Encore et toujours plus loin. Le titre de ce 25e album (!) des prêcheurs australiens The Church, ne met pas en porte à faux sur les intentions et la qualité de l’ouvrage. Voilà près de 35 ans que la formation psyché rock emmenée par le mystique chanteur et bassiste Steve Kilbey continue d’avancer, avec une endurance et une inspiration défiant toute logique dans le milieu du rock – au regard de tant d’autres qui jettent l’éponge après quatre albums. Toutefois, on a bien cru la chapelle sacro-rock de Sydney était cette fois menacée, après la désaffection du guitariste historique Marty Willson-Piper, qui n’a daigné donner de signes de vie au moment de retourner en studios avec ces trois compères. Finalement, son absence ne dessert pas le disque qui se révèle être – heureuse surprise – un grand cru.

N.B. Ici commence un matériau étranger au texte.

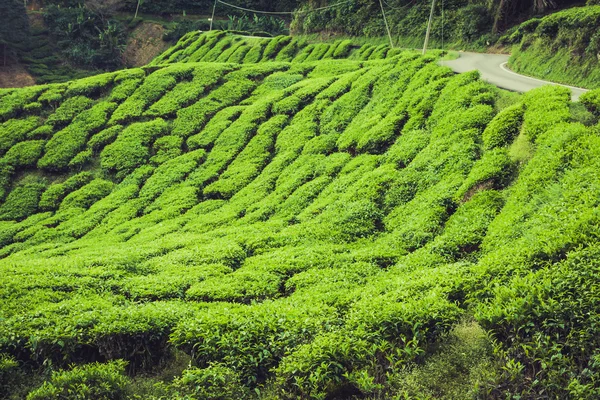 Green Hills of Tea Planation - Cameron Highlands, Malajzia — Stock Fotó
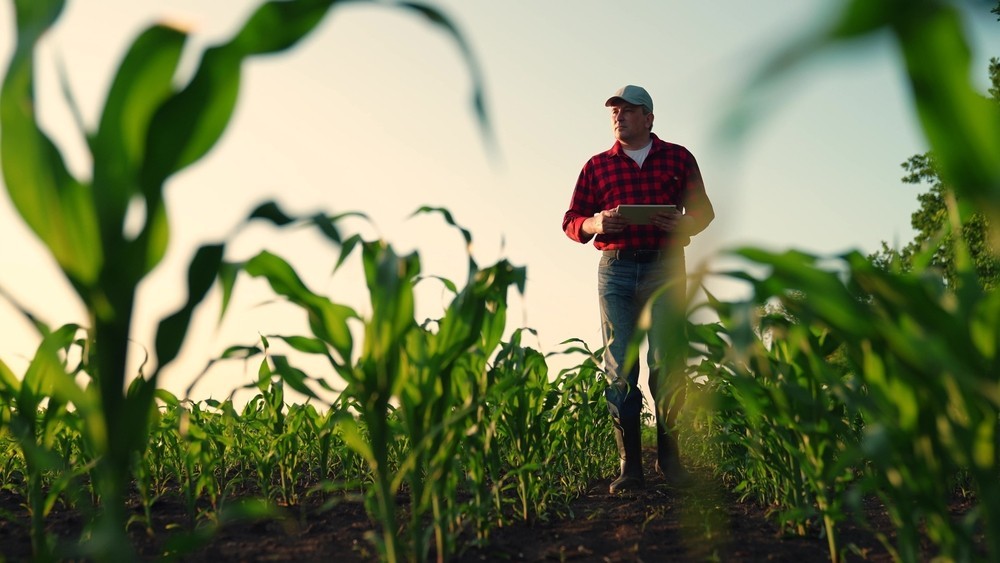 Agriculture field with man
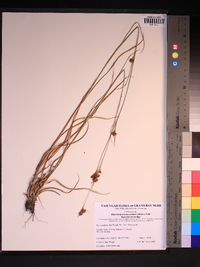 Rhynchospora fascicularis image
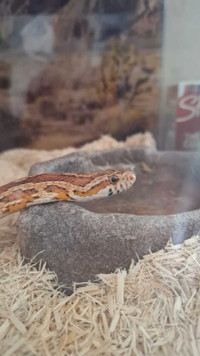 Corn snake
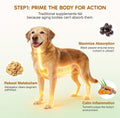 Turkey Tail Mushroom for Dogs,Senior Dog Supplement for Lumps, Bumps & Lipoma,Soft Chews with Reishi, Maitake, Turmeric & Astragalus,Supports Immune Health,Natural Chicken Flavor, 120 Count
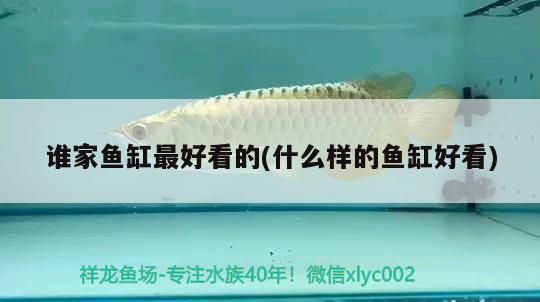 誰家魚缸最好看的(什么樣的魚缸好看)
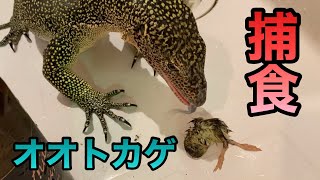 【爬虫類】オオトカゲ/捕食/マングローブモニター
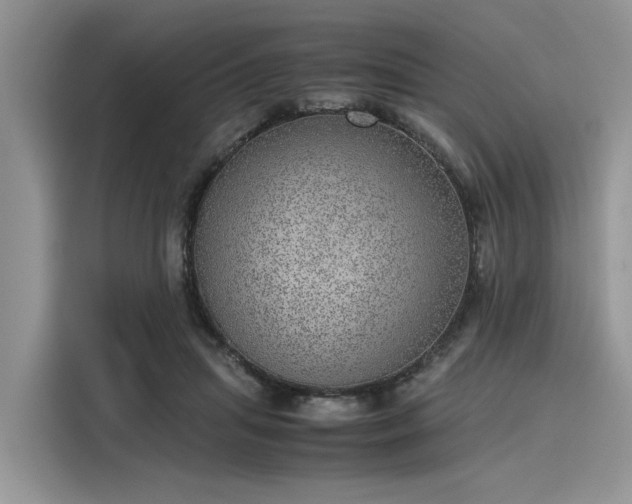 X0000116100455200911301106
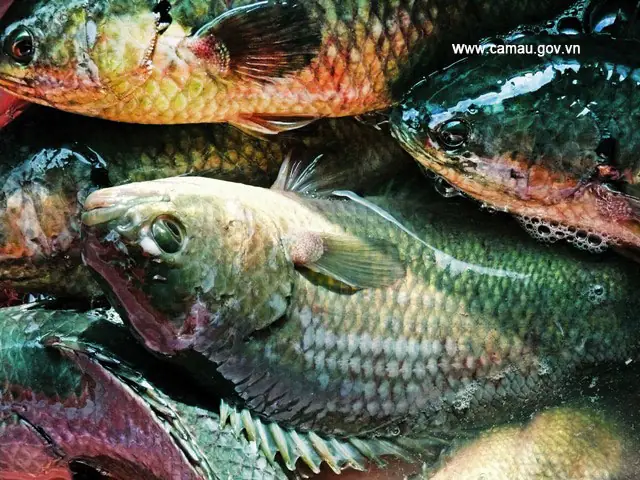 Cá Rô Đồng U Minh Cá Rô Đồng U Minh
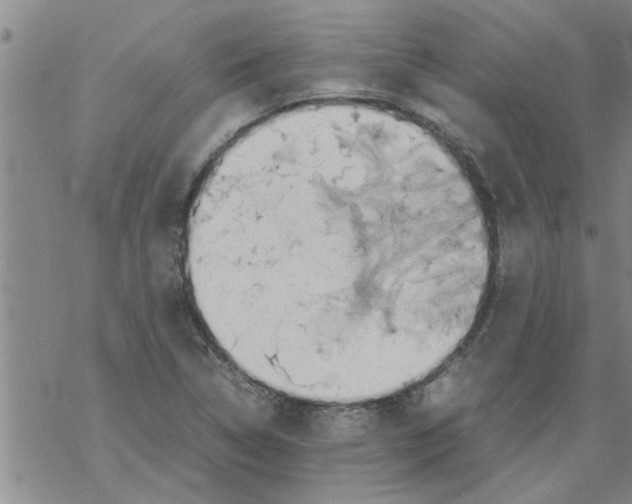 X0000067911314200605111932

La nouvelle recrue Ian Haug (ex Powderfinger) a réussi le délicat challenge de s’intégrer à l’alchimie si particulière du quartet vététan. Et surtout, Peter Koppes, l’éternel second pilier à la six-cordes, est en forme étincelante, magicien des arpèges sonnant en carillon à travers la voie lactée (l’incroyable entrée en matière « Vanishing Man). On l’avait peut-être un peu oublié, mais The Church est un groupe où chaque musicien s’implique à part égale, tous les morceaux étant cosignés collectivement. Outre cette paire de guitaristes stratosphériques revigorée, Steve Kilbey, dont le talent de songwriter n’est plus à prouver, peut aussi compter sur le batteur Tim Powless, qui depuis une dizaine d’année assure également le rôle de producteur.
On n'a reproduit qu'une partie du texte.